Required work:
Print exactly the lines that run from the one containing "figure 4-17. you" to the final line of the data, both included, and print none of the pictures.

**** Supplied records

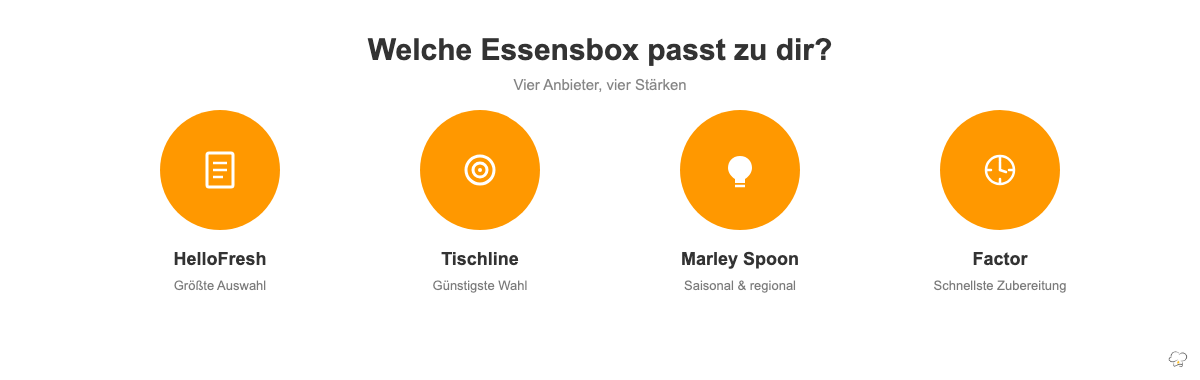Vier Essensbox-Anbieter und ihre jeweils größte Stärke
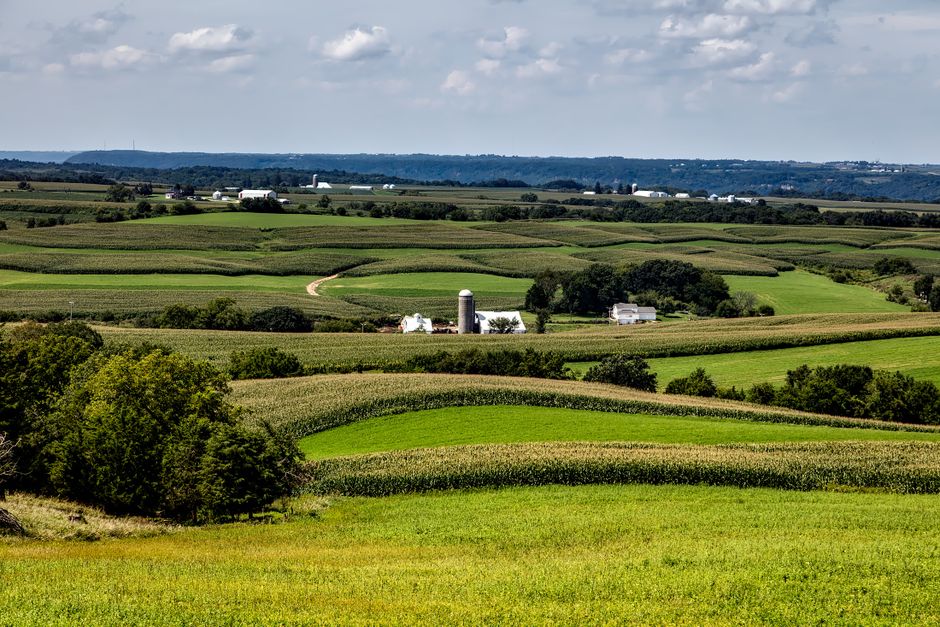 Rolling Driftless Area farmland in rural Dubuque County, Iowa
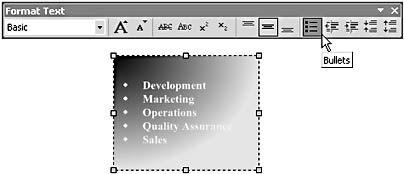figure 4-17. you can quickly format lists with a bullet character by using the bullets button on the format text toolbar.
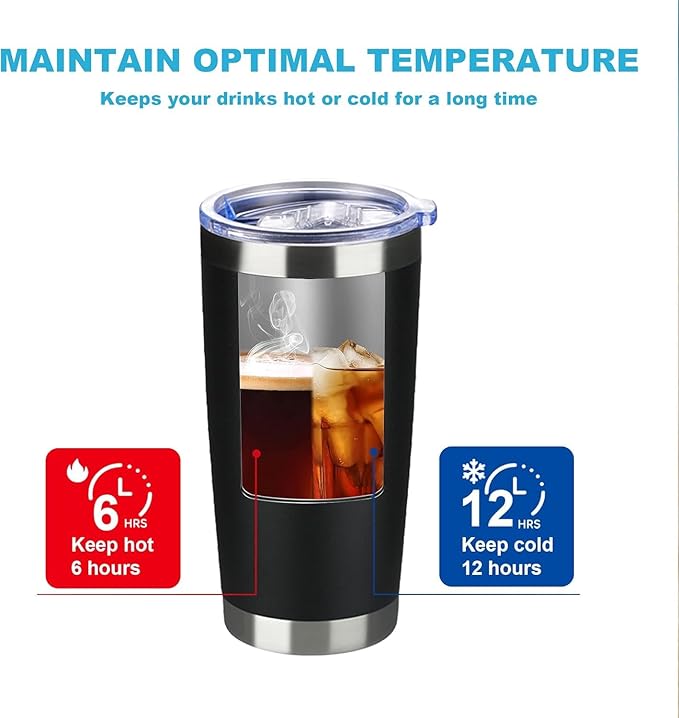 Personalized Custom Print in USA Tumbler 20oz Stainless Steel Double Wall Coffee Cup with Lid & Straw Insulated Tumbler with Colorful Text Logo Photo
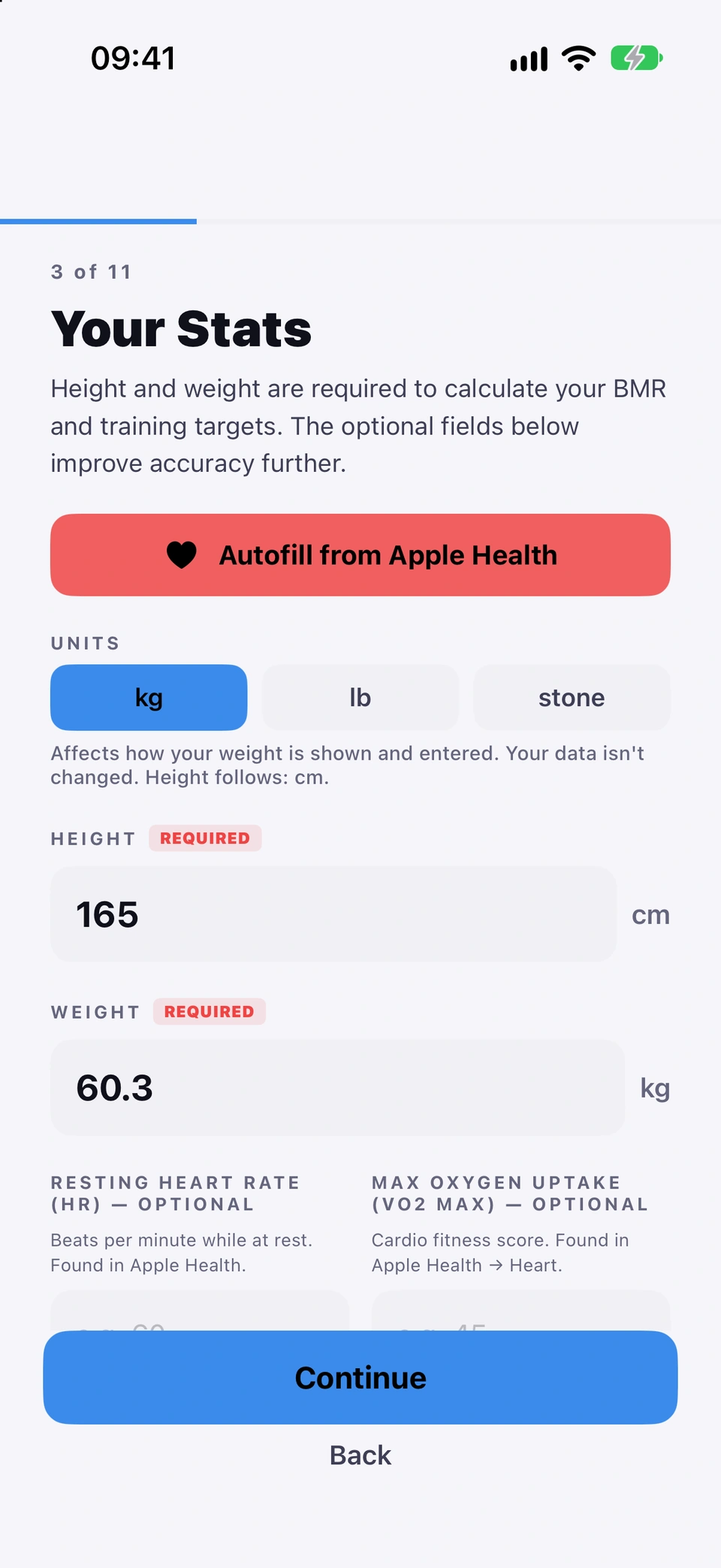 Setup step 3 of 11, Your Stats: the Autofill from Apple Health button, units, height 165 cm and weight 60.3 kg, and the optional resting heart rate and VO2 max fields.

********

Exercise output:
figure 4-17. you can quickly format lists with a bullet character by using the bullets button on the format text toolbar.
 Personalized Custom Print in USA Tumbler 20oz Stainless Steel Double Wall Coffee Cup with Lid & Straw Insulated Tumbler with Colorful Text Logo Photo
 Setup step 3 of 11, Your Stats: the Autofill from Apple Health button, units, height 165 cm and weight 60.3 kg, and the optional resting heart rate and VO2 max fields.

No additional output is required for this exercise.